Crossing the City Road we went straight on into Hyde Street, which seems like a continuation of Jewry Street. On the right Fossedyke House commemorates the city walls and ditch. Farther on I noticed a relic of the past—a small shop with a gable, very low rooms, and windows scarcely more than a foot high. Two steps descended into it, a proof of age—as either the soil outside has risen, or the owner has been, like the Irishman, “raising his roof.” On the other side, we came to the large malthouse of Mr. Dear, with walls of cut stone, formerly a barn belonging to Hyde Abbey.
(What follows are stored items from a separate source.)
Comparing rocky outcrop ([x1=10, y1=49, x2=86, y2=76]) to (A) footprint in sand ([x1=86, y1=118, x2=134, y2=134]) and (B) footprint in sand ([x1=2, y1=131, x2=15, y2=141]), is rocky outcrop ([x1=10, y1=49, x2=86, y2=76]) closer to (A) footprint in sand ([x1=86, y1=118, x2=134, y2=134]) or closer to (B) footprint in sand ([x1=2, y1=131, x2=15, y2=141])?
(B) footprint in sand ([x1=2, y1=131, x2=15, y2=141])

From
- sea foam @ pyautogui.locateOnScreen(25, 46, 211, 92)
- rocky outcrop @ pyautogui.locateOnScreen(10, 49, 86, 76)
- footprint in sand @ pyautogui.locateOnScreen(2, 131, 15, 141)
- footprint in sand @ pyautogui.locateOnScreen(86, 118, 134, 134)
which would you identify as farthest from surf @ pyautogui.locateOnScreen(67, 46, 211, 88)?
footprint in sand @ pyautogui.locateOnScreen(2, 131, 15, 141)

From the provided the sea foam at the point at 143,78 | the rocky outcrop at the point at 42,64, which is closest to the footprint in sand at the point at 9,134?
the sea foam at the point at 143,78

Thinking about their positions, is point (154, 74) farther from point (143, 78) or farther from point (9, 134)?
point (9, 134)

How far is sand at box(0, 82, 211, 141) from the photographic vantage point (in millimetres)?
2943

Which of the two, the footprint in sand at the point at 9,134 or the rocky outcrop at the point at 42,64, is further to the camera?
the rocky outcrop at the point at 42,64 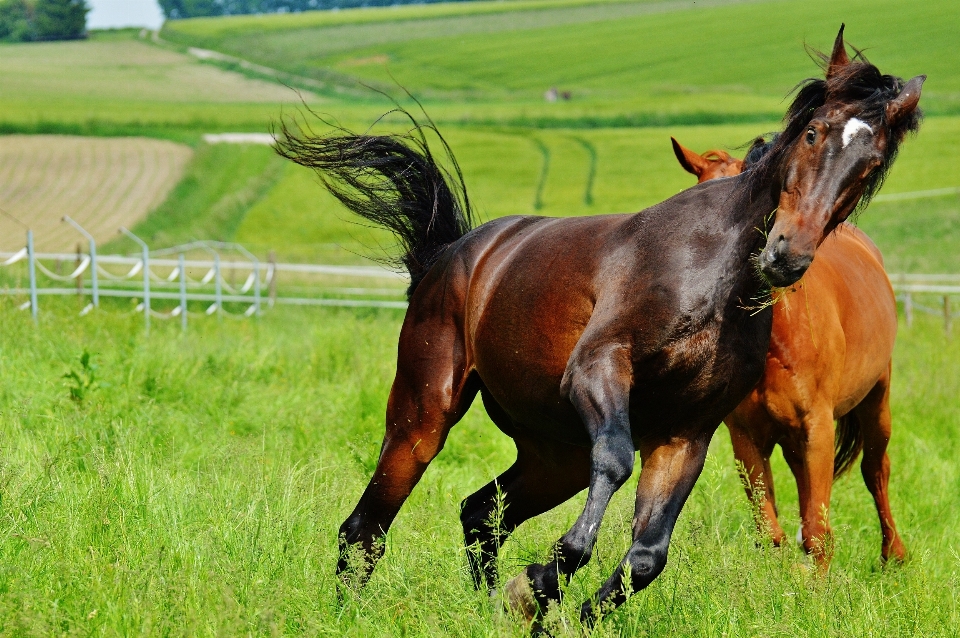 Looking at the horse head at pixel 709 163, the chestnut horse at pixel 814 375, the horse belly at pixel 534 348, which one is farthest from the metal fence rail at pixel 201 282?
the horse belly at pixel 534 348

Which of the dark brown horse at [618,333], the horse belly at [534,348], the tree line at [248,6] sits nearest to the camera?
the dark brown horse at [618,333]

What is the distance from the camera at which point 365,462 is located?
685 centimetres

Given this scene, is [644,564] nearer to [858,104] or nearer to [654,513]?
[654,513]

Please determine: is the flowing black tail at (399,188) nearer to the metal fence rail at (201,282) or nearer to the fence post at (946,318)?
the metal fence rail at (201,282)

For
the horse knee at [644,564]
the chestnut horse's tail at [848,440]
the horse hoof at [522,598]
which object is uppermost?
the horse knee at [644,564]

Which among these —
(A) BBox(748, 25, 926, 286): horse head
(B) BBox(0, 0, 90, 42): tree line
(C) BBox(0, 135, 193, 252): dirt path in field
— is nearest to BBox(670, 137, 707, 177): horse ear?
(A) BBox(748, 25, 926, 286): horse head

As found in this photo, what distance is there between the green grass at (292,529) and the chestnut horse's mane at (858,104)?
160 centimetres

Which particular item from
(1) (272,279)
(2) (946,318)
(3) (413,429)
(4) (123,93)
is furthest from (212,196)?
(3) (413,429)

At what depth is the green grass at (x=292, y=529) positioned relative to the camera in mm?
3920

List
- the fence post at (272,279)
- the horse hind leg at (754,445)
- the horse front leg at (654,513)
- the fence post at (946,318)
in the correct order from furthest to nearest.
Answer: the fence post at (272,279) < the fence post at (946,318) < the horse hind leg at (754,445) < the horse front leg at (654,513)

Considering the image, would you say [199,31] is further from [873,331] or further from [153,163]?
[873,331]

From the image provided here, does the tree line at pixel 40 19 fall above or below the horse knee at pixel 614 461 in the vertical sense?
below

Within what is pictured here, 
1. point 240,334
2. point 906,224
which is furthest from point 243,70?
point 240,334

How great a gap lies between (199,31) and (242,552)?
77.1m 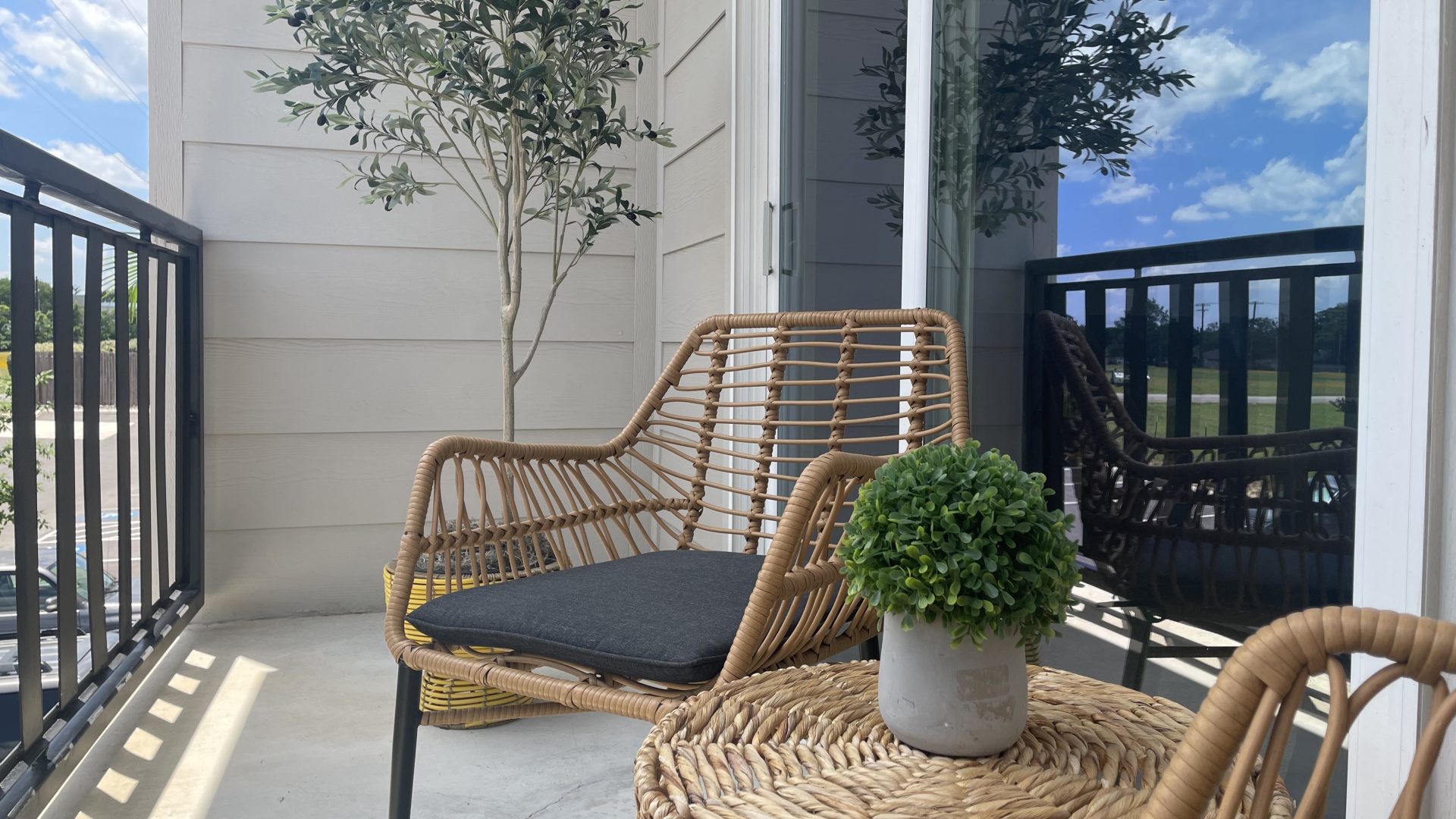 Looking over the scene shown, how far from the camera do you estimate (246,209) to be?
2668 mm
Opposite, we see through a side street the “Soldiers’ Home.” This was about fifty years ago the celebrated school of Mr. Richards, at which were Deans Garnier and Gaisford, Lord Liverpool, George Canning, Wolfe the poet, and perhaps Disraeli who was at a boarding school in Winchester. It was afterwards the Museum, and is now used for Salvation meetings. The Army has been “bombarding” Winchester for some time, and now marches through the streets with Salvation guernseys, hallelujah bonnets, and scarves white, red, and blue, to the music of drums, trumpets, and cymbals. All this noise and dramatic show is attractive: whether it makes people religious I cannot say, but it promotes the cause of teetotalism. I went one day from curiosity to a “free and easy” at the Corn Exchange, and observed that the congregation were mostly men. Their attention was kept by the variations in the service, by “knee-drill,” singing on the knees, clapping the hands, and singing with the eyes shut. The preacher, an eloquent man, said they wanted money to build a barrack in Parchment Street, which was to be somewhat larger than the Cathedral! (a titter.) He added that some considered that the Salvationists could do nothing right, nothing properly. They even thought they could not make a collection properly, and he was almost inclined to agree with them, when he saw the miserable contributions there were last Sunday.
Hyde Abbey.
A Roman urn was found in this street; and in turning to the right, down Alfred Place I noticed a corner-stone of a “Druidical” character. In a few yards, we came to the little church of St. Bartholomew, with a Norman entrance arch, rich in zig-zag—one-third restored. Here is a stoup, and the lancet windows in the nave are in their original positions. Close beside the churchyard is a building with an arch, apparently the entrance to the monastery. On either side of the arch is a head, much decayed, but the drawn-back hair can be traced, and the crowns of Alfred and his son Edward, it is supposed. These carvings seem older than the arch, which is only Tudor. In the massive wall of an adjoining garden a low window was pointed out to me, now half hidden in the soil; and until lately there was an arch visible beside it, which is now walled up. Passing through the gate into the farmyard I came to the stream which rises at Headbourne Worthy, and here runs under a very primitive arch, which has some of the old monastery wall still remaining on it. The rivulet flows round the black fence of the Steam Laundry into a street, called from it, Upper Brooks.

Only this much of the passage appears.